Y es que lo que se verifica en la historia necesita del espacio y del tiempo, que es como se identifica todo acontecimiento, y la resurrección no entra dentro de estas coordenadas espacio-temporales. A esto se añade que para delimitar y describir un hecho histórico se necesita de la analogía y la correlación con otro hecho histórico para poder entenderlo. Y esto tampoco se da en la resurrección. Nadie con anterioridad se ha presentado en las condiciones que lo hace Jesús después de su muerte. Además, todo relato histórico reclama la objetividad, la descripción del hecho en sí mismo, para reconocerlo como tal, al margen de toda subjetividad e ideología que lo oriente hacia una determinada perspectiva. La resurrección, por el contrario, prende en el individuo y lo cambia radicalmente. Para ello necesita la fe que introduce al creyente en la dimensión divina y éste entiende que el poder de Dios hace posible recrear la vida de Jesús e influye en rehacer la propia. Lo único que podemos aportar pruebas indirectas de que tal acontecimiento ha sucedido y que forma parte del contenido de la esperanza de Israel para los tiempos finales. Expongamos primero esto último.

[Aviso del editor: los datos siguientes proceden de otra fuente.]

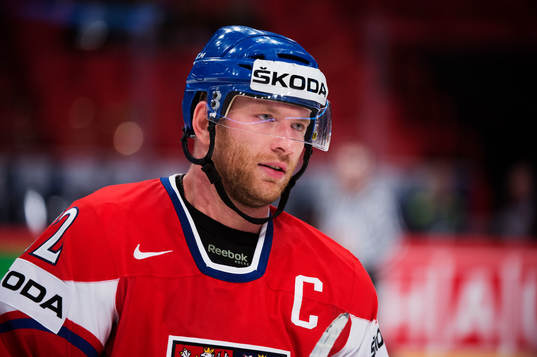 Tjeckiens Jiri Novotny i matchen mellan Tjeckien och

17.3. Las raíces judías de la resurrección

17.3.1. La vida y la muerte en Israel

El Salmo 115,16-18 reza: «El cielo pertenece al Señor, la tierra se le ha dado a los hombres. Los muertos ya no alaban al Señor ni los que bajan al silencio. Pero nosotros bendeciremos al Señor ahora y por siempre». Las fronteras están bien delimitadas entre Dios y los hombres. La tierra se ofrece a la responsabilidad humana (Gén 1,28), para que el hombre viva, trabaje y se multiplique, y sólo él pueda dirigirse al Señor, que se reserva el cielo como morada exclusiva. La vida que se experimenta como plenitud humana es el don más grande que ofrece Dios, porque «en ti está la fuente viva y a tu luz vemos la luz» (Sal 36,10; cf. Mc 12,27). La presencia divina invade la cotidianidad de la vida, y la persona es capacitada para establecer las relaciones de comunión con Dios. No se concibe una existencia sin Dios, y Dios, además de crearla, la cuida y asume como una realidad propia. Dañar la creación es herir a Dios, como cuidar la creación es amar a Dios. De ahí que se identifiquen la vida como don y la vida como conquista y quehacer terrenos. Esta experiencia fundante de Israel se celebra con la visita al templo, en el que se intensifica y expresa mejor dicha comunión con la alabanza, la acción de gracias y las peticiones (Sal 84,11).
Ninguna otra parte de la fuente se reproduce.